Der Thyssen-Krupp-Nirosta-Chor Krefeld 1933, kurz TKN-Chor genannt, löst sich Ende Dezember auf. Eine Feier zum 85-jährigen Bestehen wird im kommenden Jahr nicht mehr stattfinden. „Dann ist Schluss“, sagen die Vorstandsmitglieder Lothar Hartmann und Klaus Conrads mit Bedauern. Das endgültige Aus liegt nicht am Mitgliederschwund, den auch ein traditioneller Chor wie der Werkschor von Nirosta verzeichnet. Mit der Übernahme des Edelstahlwerks durch Outokumpu wurde dem Chor die finanzielle Unterstützung gestrichen.

Foto: Dirk Jochmann

Klaus Conrads gehört dem Chor seit 1975 an

Im März 2016 erhielt Lothar Hartmann den Brief, in dem die Geschäftsführung des finnischen Werkstoffunternehmens Outokumpu Oyj ihm mitteilte, die finanzielle Förderung „zumindest temporär“ einstellen zu müssen. „Die wirtschaftliche Lage wurde als Grund angegeben“, sagt Lothar Hartmann. „Man wollte über ein weiteres Sponsoring nachdenken, aber eineinhalb Jahre später läuft die Förderung jetzt aus.
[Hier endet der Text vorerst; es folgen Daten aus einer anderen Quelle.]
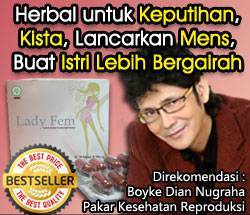 terapi kista ovarium dengan Ladyfem alternatif sembuhkan kista tanpa operasi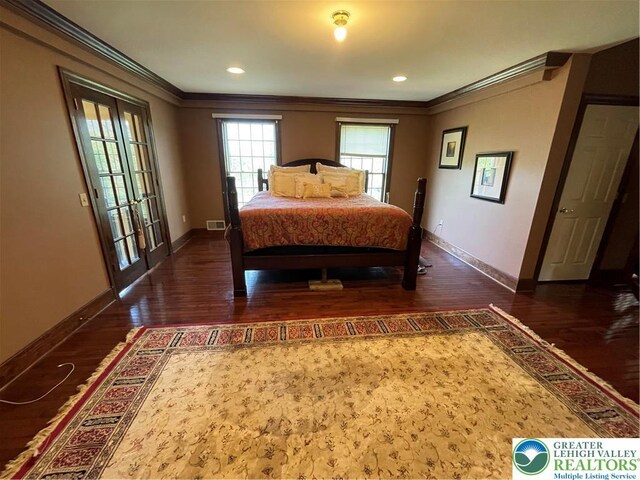 459 Mount Pleasant Rd, Washington Twp, PA 18013 - bedroom with crown molding and wood finished floors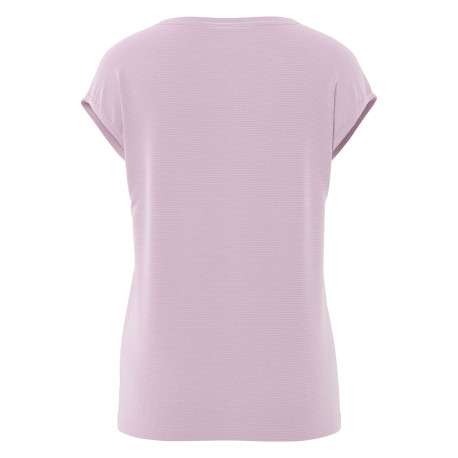 T-shirt parme uni avec une coupe droite et des manches courtes - Image 2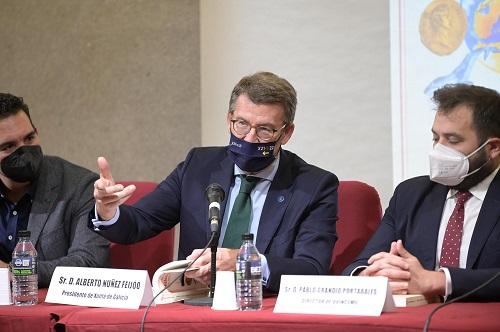 Nuñez Feijóo durante la presentación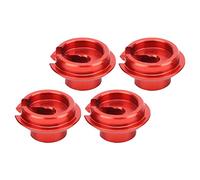 Socobeta RC Cup, Shock Spring Cup High Strength Easy To Install Fine Workmanship Aluminum Alloy Strong for Redcat 1/10 for HSP (Red)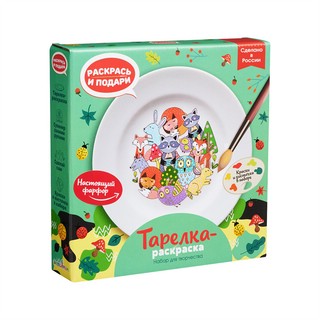 Тарелка-раскраска Лесные истории, Bumbaram 1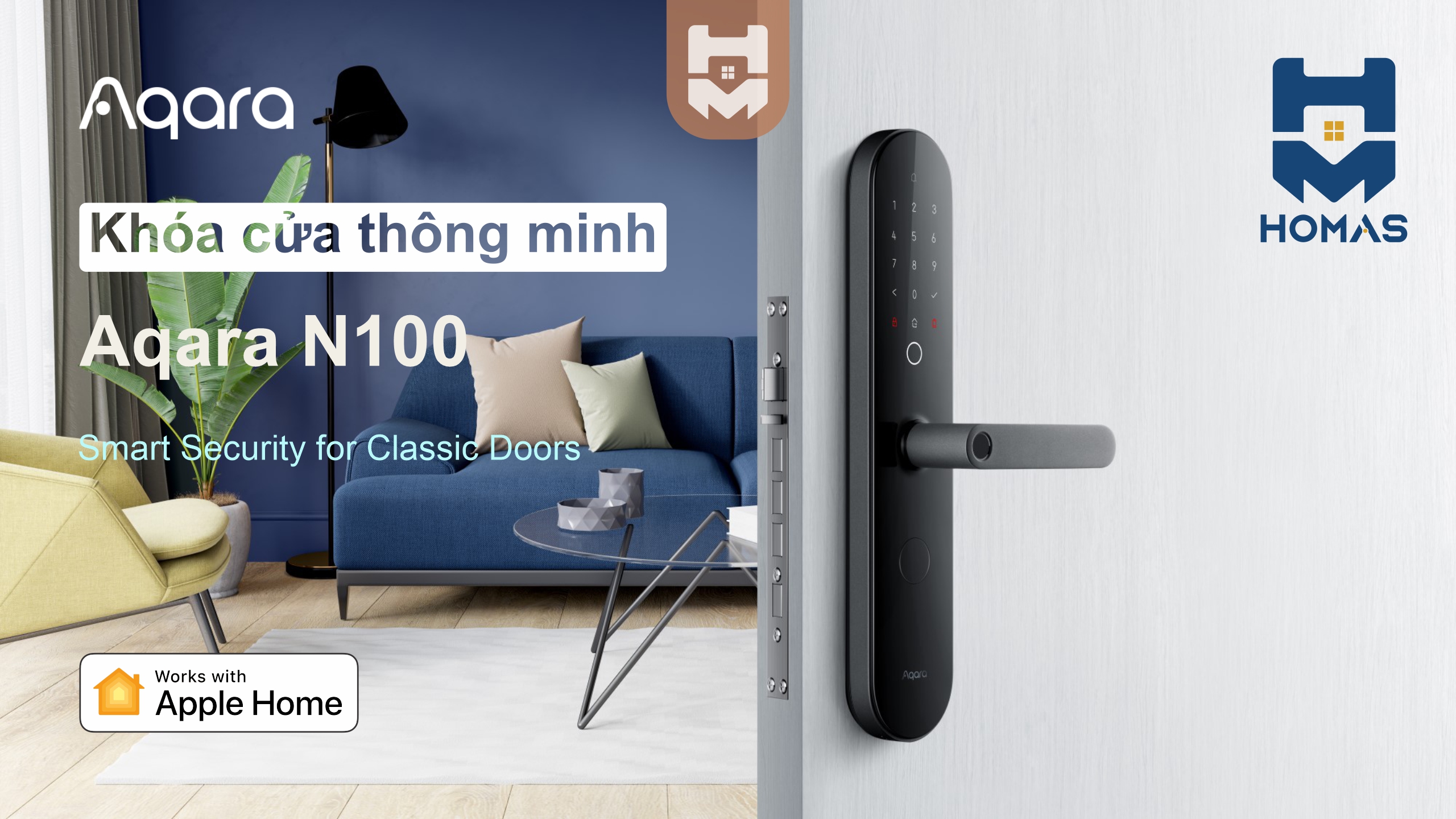 Aqara N100 Door Lock - Banner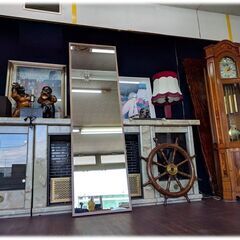 K34 新品未使用品 高さ202㎝ 全身ミラー 大型ミラー】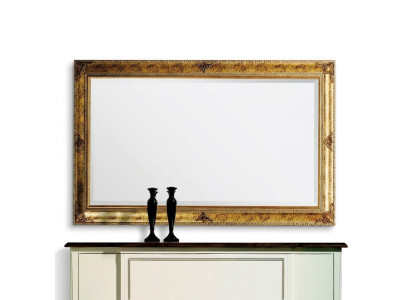 Miroir mural Cadre en bois Miroir suspendu Miroir doré Miroir mural Salon nouveau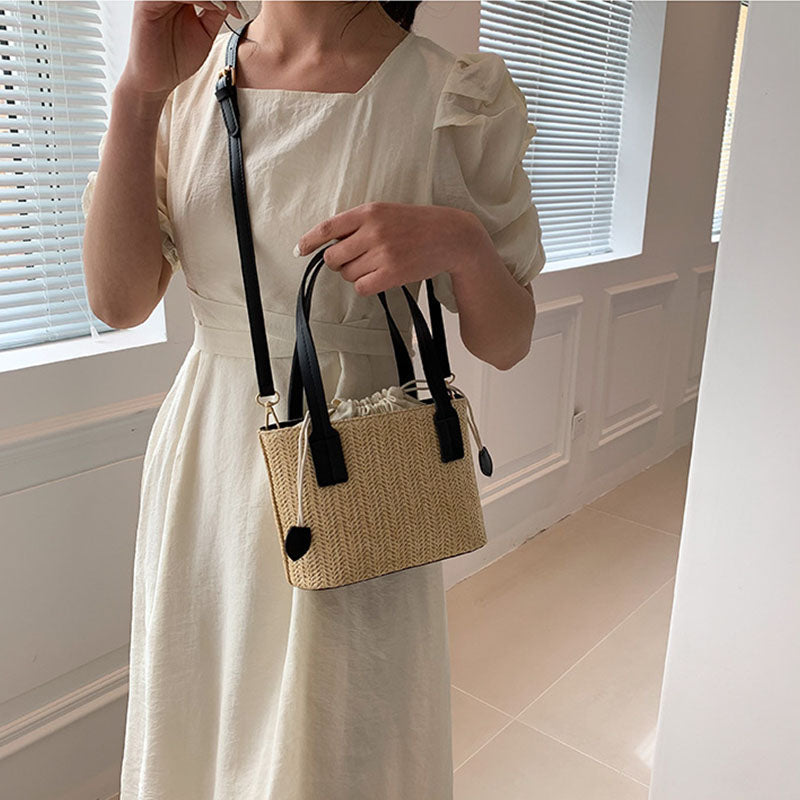 Mini Sac à Main en Paille Marie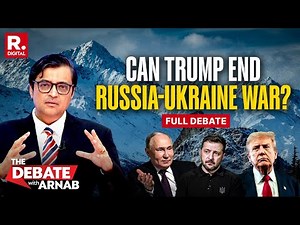 Debate With Arnab: Putin-Trump Meet In Alaska Amid Pro-Ukrainian Protest | Alaska Summit 2025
Unsere Versuche, den Chor zu retten, scheiterten alle schon im Vorzimmer.“

Ob Thyssen, Krupp oder Nirosta — das Krefelder Edelstahlwerk stand schon unter verschiedenen Leitungen. Um die finanzielle Unterstützung musste sich der Chor, der 1933 mit einer Männerrunde in der Gaststätte „Et Bröckske“ begann, nie Sorgen machen. „Bei Chorreisen übernahm die Firma die Buskosten und der Chorleiter erhielt eine monatliche Zuwendung von 450 Euro“, sagt Hans Vohwinkel. 57 Jahre lang sang der 84-Jährige in dem TKN-Chor, er organisierte die Tourfahrten und pflegte den Kontakt zur Firmenleitung.

An mehr als 2000 Veranstaltungen nahm der Chor teil. Der Terminkalender war gut gefüllt. „Wir eröffneten Betriebsversammlungen und Jubilarehrungen, gaben große Konzerte im Frühjahr und Herbst und sangen in den schönsten Kirchen Deutschlands und der Nachbarländer“, sagt Klaus Conrads, der seit 1975 dem Chor angehört. „Jetzt geht eine musikalische Ära zu Ende und ein Stück Kultur verloren.“

Der letzte Vorhang ist nach einem Auftritt am 16. Dezember im Willicher Altenheim Moosheide gefallen. Gemeinsam mit dem Männergesangsverein Liederkranz 1864 Willich war der Chor dann noch einmal zu hören sein und hat sich von seinem Publikum verabschiedet. „Wir bedanken uns bei allen Sängern sowie den Gönnern und Förderern für ihre Treue“, sagt Lothar Hartmann.